To support her age-discrimination claim, Pustilnik has alleged that she is over 50 and that defendant Jones (who is under 50) knew her age; that Jones repeatedly hired individuals to the Battery Park City Authority’s senior staff who were in their 30s and 40s; that notwithstanding her satisfactory performance, defendants terminated Pustilnik’s employment on non-performance grounds that were suspicious and seemingly pretextual; and that Pustilnik was replaced by an attorney who is several years younger than Pustilnik (and whom Jones knew to be younger).5 This court concludes that these allegations are sufficient to state a cause of action under the relaxed pleading standards governing NYCHRL claims. (See Matter of McIntosh v Dept. of Educ. of the City of NY, 115 AD3d 464 [1st Dept 2014] [reversing dismissal of NYCHRL age- and race-discrimination claims].)

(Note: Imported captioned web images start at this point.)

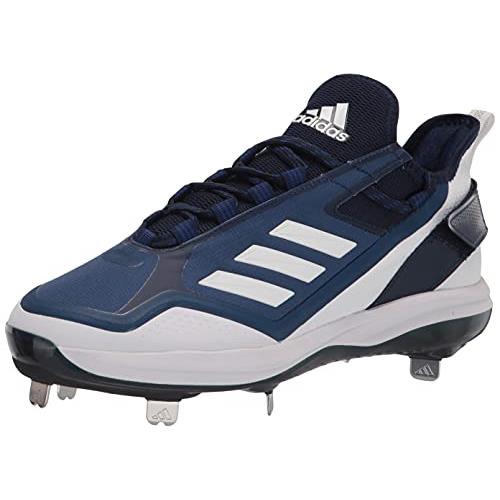 Adidas Men`s Icon 7 Boost Baseball Shoe White/Team Navy Blue/Mystery Ink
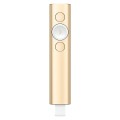 Logitech Spotlight 2.4Ghz USB Wireless Presenter PPT Remote Control Flip Pen (Gold)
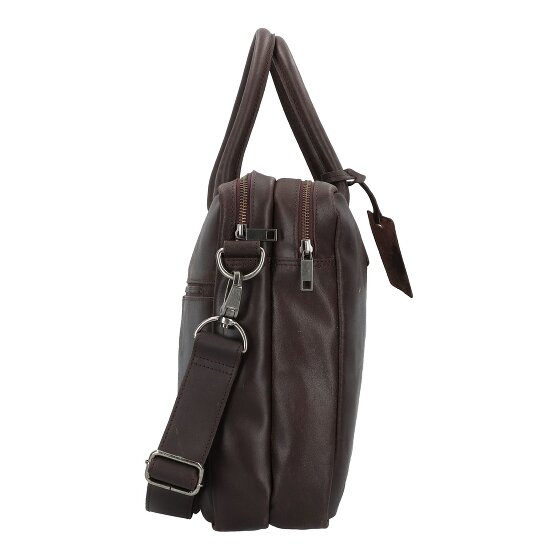 Burkely Vintage Taylor Briefcase Leather 40 cm Komora na laptopa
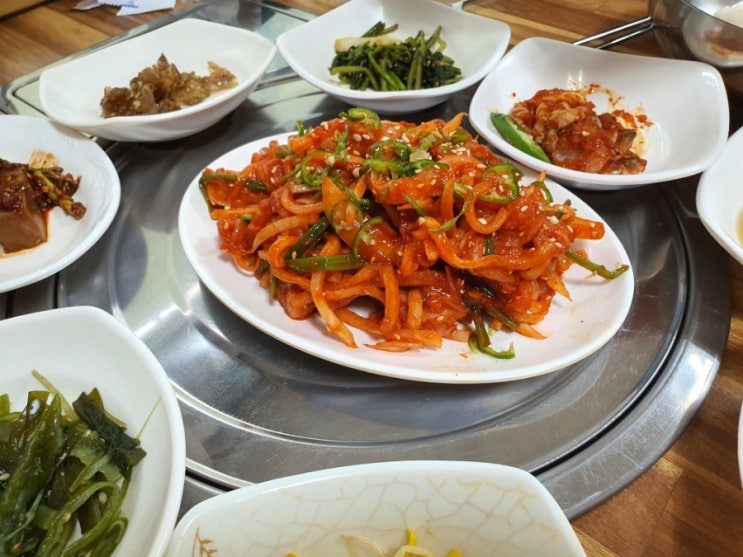  여수 점심밥집 서대회무침 웅천부일식당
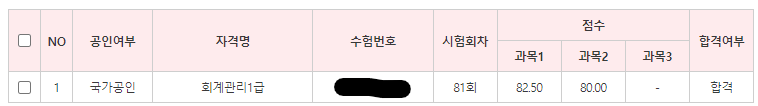 회계관리 1급 독학 취득 후기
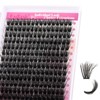 FADLASH Lash Extension Kit 100D Cluster Lashes 12-18mm Eyelash Clusters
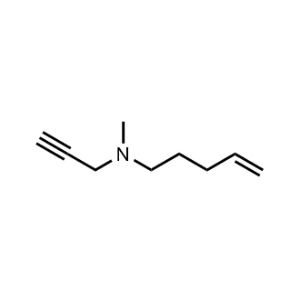 N-Methyl-N-(prop-2-yn-1-yl)pent-4-en-1-amine|CS-1035276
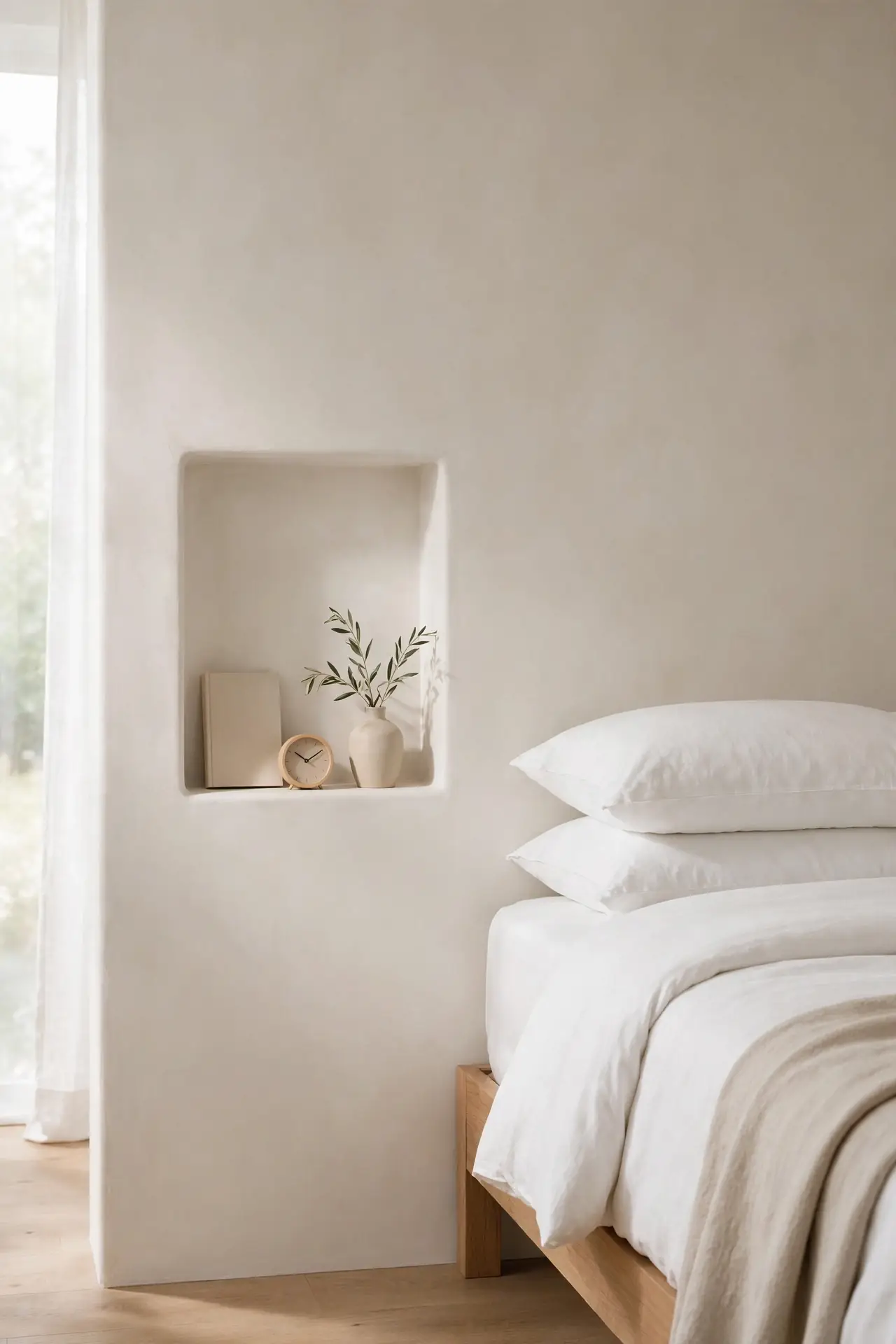 Fold-Down Desk Area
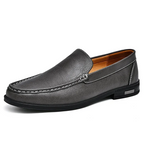 Loafers Blue Leather Slip-On Men's – Casual, Office, Gift · Faylori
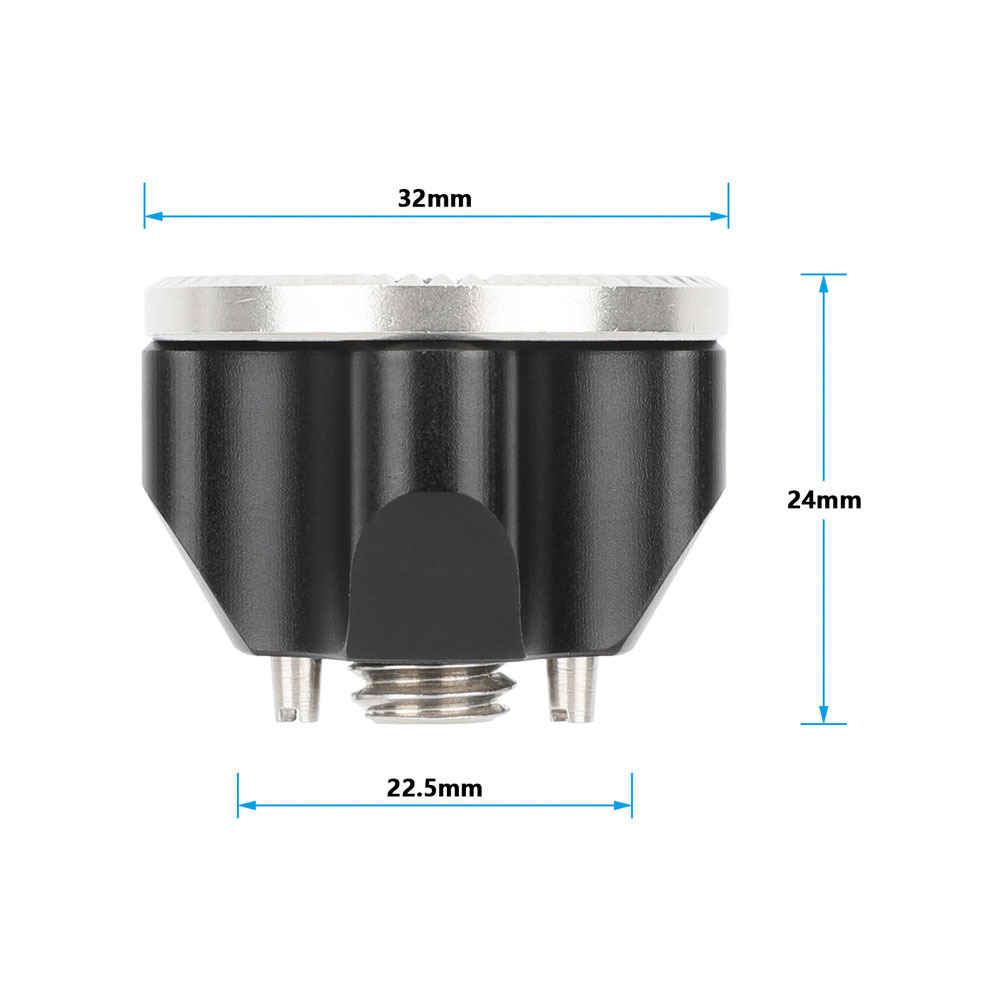 CAMVATE M6 ARRI Rosette Mount With 3/8"-16 Mounting Screw & ARRI Locating Pins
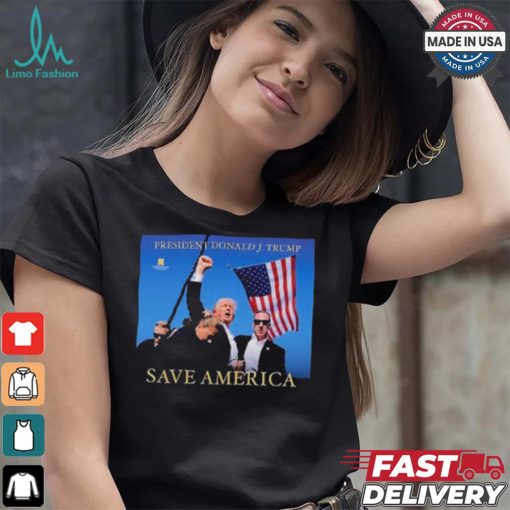 President Trump Save America 2024 T shirt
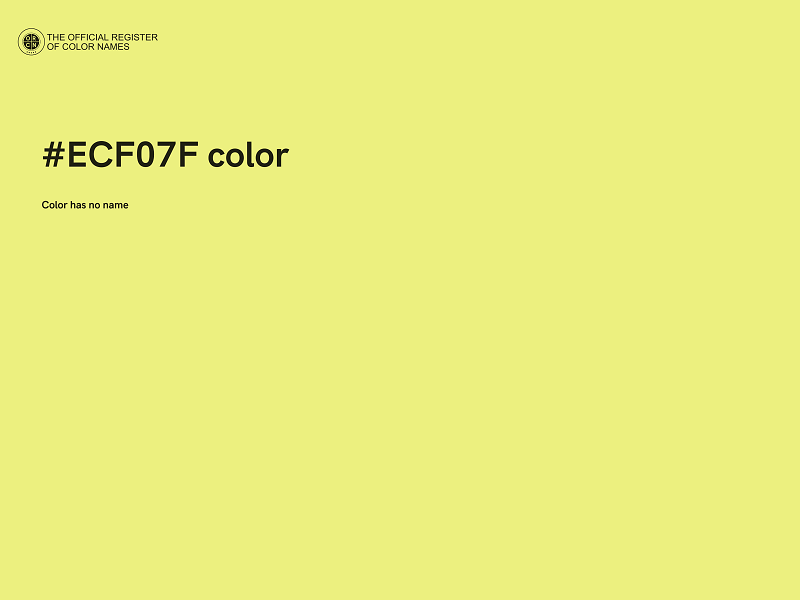 #ECF07F color image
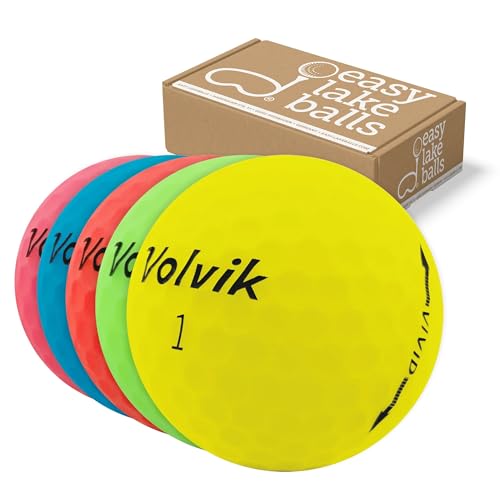 50 VOLVIK Vivid BUNT Mix LAKEBALLS/GOLFBÄLLE - QUALITÄT AAAA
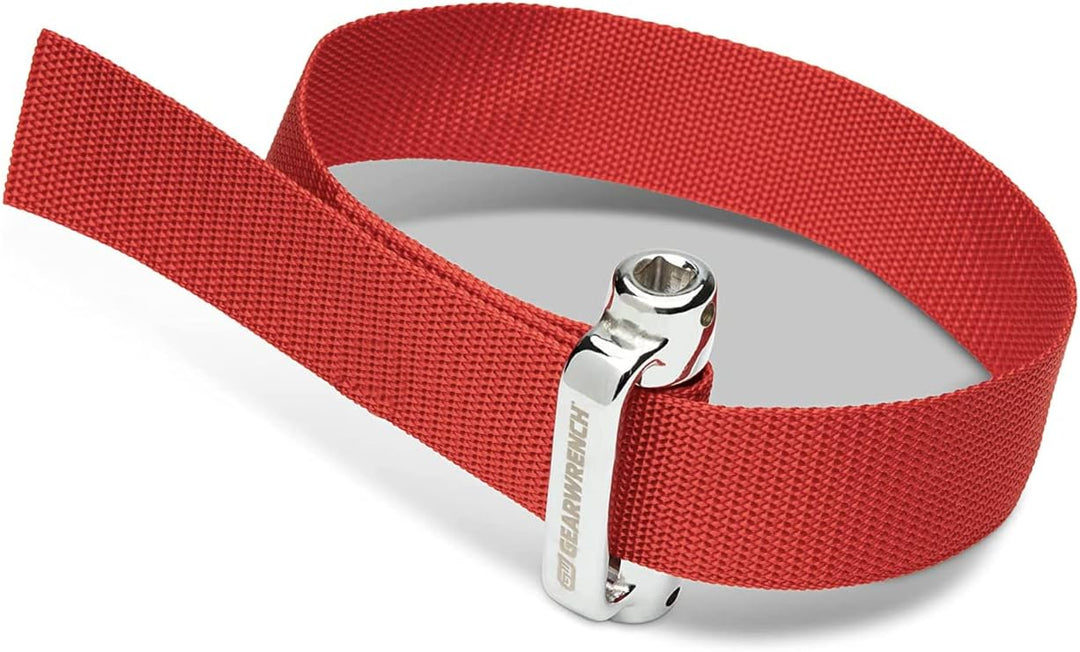 GEARWRENCH 3/8 Zoll & 1/2 Zoll Antrieb Heavy Duty Ölfilter Strap Wrench, 3529D, Rot HD-Gurtschlüssel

Defendants emphasize that “[a]bsent from the Complaint are allegations of comments or criticisms about Plaintiff’s age, of any discussion of Plaintiff’s age in connection with her firing, or of any invidious comments about older individuals.” (NYSCEF No. 10 at 15.) It is true that Pustilnik has not made these sorts of allegations. And this court does not disagree that the age-discrimination allegations that Pustilnik has made are somewhat thin. At the same time, though, the complaint fairly puts defendants on notice of the nature of Pustilnik’s age-discrimination claim and the grounds she has for believing that defendants terminated her employment in part for discriminatory reasons. At the current stage of this action, that is sufficient.
Defendants also offer various arguments seeking to rebut, or at least undercut, the inferences of discrimination that Pustilnik identifies from the allegations of her complaint. But at the pleading stage, this court is obliged to construe the complaint in the light most favorable to the nonmoving party, drawing inferences for her, not against her.6 Defendants’ evidence-specific challenges to the allegations of Pustilnik’s complaint are certainly fair argument at summary judgment; but they do not warrant dismissal at the pleading stage.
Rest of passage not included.